All things considered, Gary K. Melton should have listened to his wife.
That's what Melton's attorney conceded Monday after his client agreed to pay about $31,000 to settle insider trading charges brought by the Securities and Exchange Commission.
Melton's wife, Farryn Melton, is vice president of strategic sourcing and procurement at Thousand Oaks-based Amgen Inc., where she had access to confidential information, according to the SEC.
In November 2005, the Newbury Park couple discussed favorable results in a clinical trial of a cancer antibody jointly developed by Amgen and Abgenix Inc., according to the SEC's complaint.
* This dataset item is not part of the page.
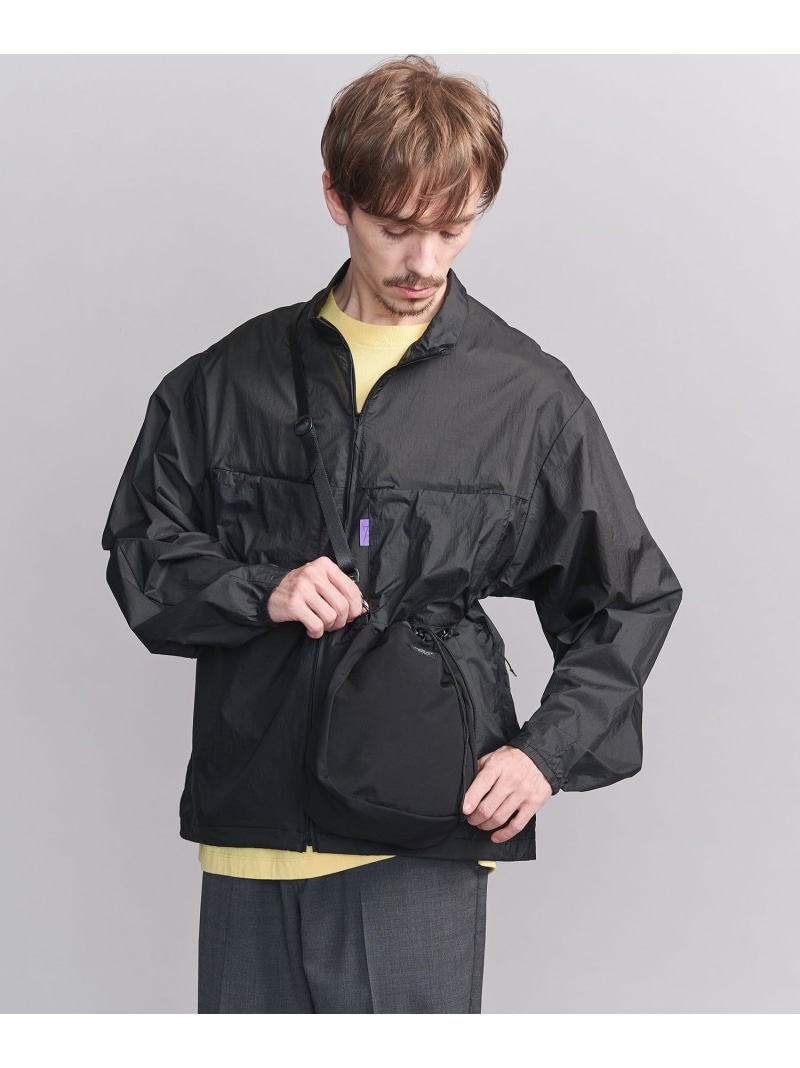 BEAUTY&YOUTH UNITED ARROWS ＜STANDARD SUPPLY＞ チョーク ショルダーバッグ ビューティー＆ユース　ユナイテッドアローズ バッグ ショルダーバッグ ブラック【送料無料】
Melton, 54, told his wife that he might buy Abgenix shares, the complaint said, but she said nothing at the time.
A month later, Farryn Melton asked her husband whether he had bought any Abgenix stock. He said he hadn't and she told him not to, the SEC said.
But either that day or the next, Melton liquidated two brokerage accounts and over the next six days, in part with money borrowed from his brokerage, bought 2,050 Abgenix shares for $29,152, the SEC said.
Abgenix stock jumped 55% on Dec. 15, the day after Amgen said it would buy Abgenix for $2.2 billion. Melton sold all of his Abgenix shares that day and illegally gained $15,282, the SEC said.
Federal regulators alleged that Melton knew, or should have known, that his wife had access to confidential information. She was not charged with any wrongdoing.
Andrew Holmes, Gary Melton's attorney, said his client neither admitted nor denied the allegations but acknowledged one point. "He certainly executed the trades after his wife said, 'Don't trade,' " Holmes said. "You should really listen to your wife, apparently."